Website: gillianhowell.com.au
Find an expert profile: findanexpert.unimelb.edu.au/profile/161258-gillian-howell
LinkedIn: Gillian Howell Music
Sylvanus Kwashie Kuwor
Department of Dance Studies, University of Ghana
Sylvanus Kwashie Kuwor is a master drummer, music, dance and theatre practitioner/scholar who lectures at the University of Ghana, Legon. He has had a decade of experience in Britain as a cultural educator where he used African drum music and dance in inclusion programmes aimed at integrating African refugees into mainstream society. He holds a Diploma in Dance Studies from the University of Ghana, Master of Arts Degree in Creative and Professional Writing from Brunel University in London, a Postgraduate Diploma in Ethnochoreology from Nowegian University of Science and Technology (NTNU) and a PhD in Dance Anthropology from the University of Roehampton in London.

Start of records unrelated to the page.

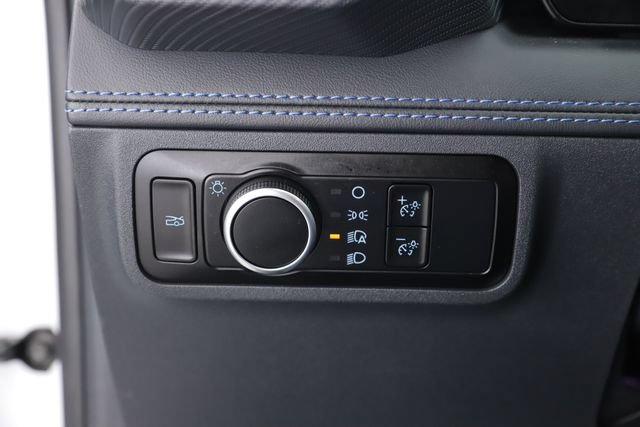 Used 2024 Ford Mustang Dark Horse RWD image 22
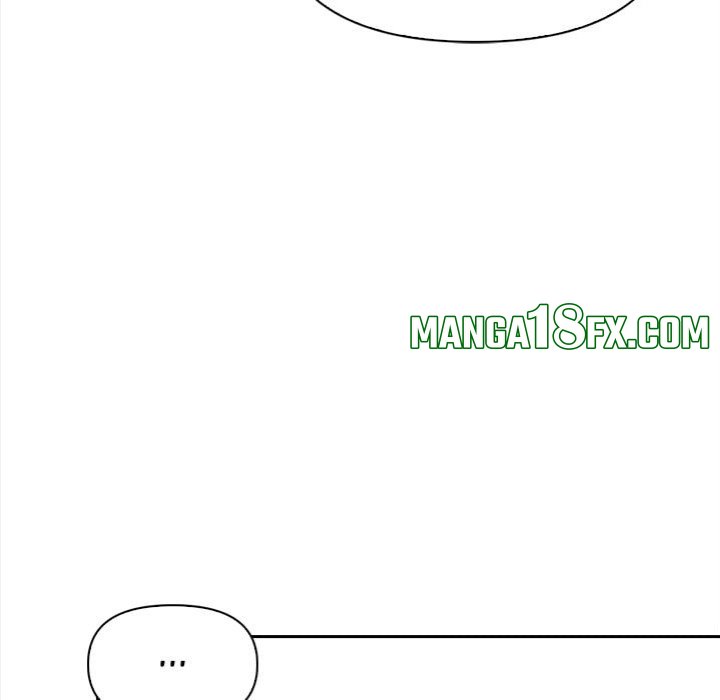 The Secret of a Girls’ Dorm - Chapter 22 [photo 23] - MangaPorn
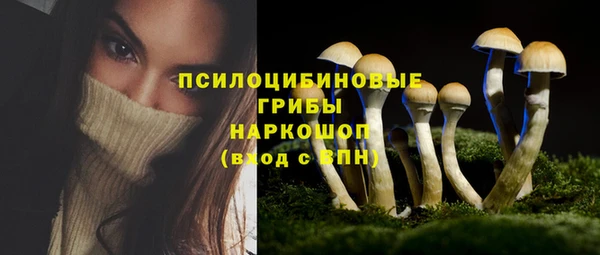марки lsd Верхний Тагил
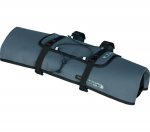 Lenkertasche Discover günstig online kaufen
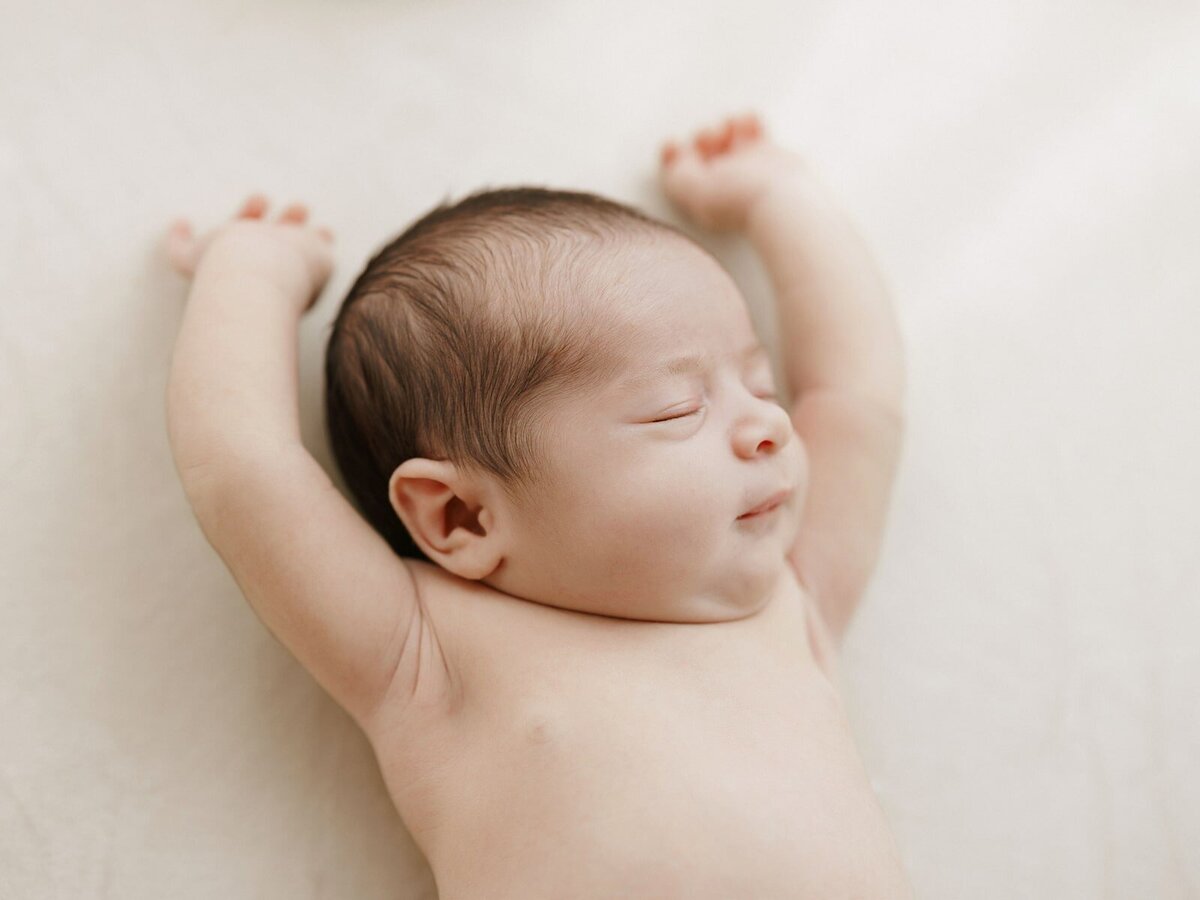 BOSTON-NEWBORN-PHOTOGRAPHER37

Dr Kuwor is currently a Visiting Professor of African music and Dance at Wilfrid Laurier University in Waterloo Ontario. His current research focuses on the teaching and practice of West African drum music in Canadian post-secondary music institutions.
Website: www.africanorganicheritage.org
Te Oti Rakena
Director of External Relations with Manutaki Tuitui Rāwaho, Kairuruku Voice/Voice Coordinator, School of Music, Creative Arts and Industries, The University of Auckland/Waipapa Taumata Rau
Te Oti was the first indigenous academic to be appointed as a commissioner on the Community Music Activities (CMA) research commission. His connection to LCMC began when he co-chaired CMA with Lee Willingham and continues in his role as international collaborator on the LCMC project Community music in Canada: Leading music in culturally diverse contexts for social impact.
Website: profiles.auckland.ac.nz/t-rakena
Kathleen Turner
Course Director, MA Community Music, Irish World Academy of Music and Dance, University of Limerick
Kathleen Turner is a community musician, arts practice researcher, singer and songwriter based in Limerick, Ireland. She has a specific interest in using creative research methodologies to capture and communicate our lived experiences of music making.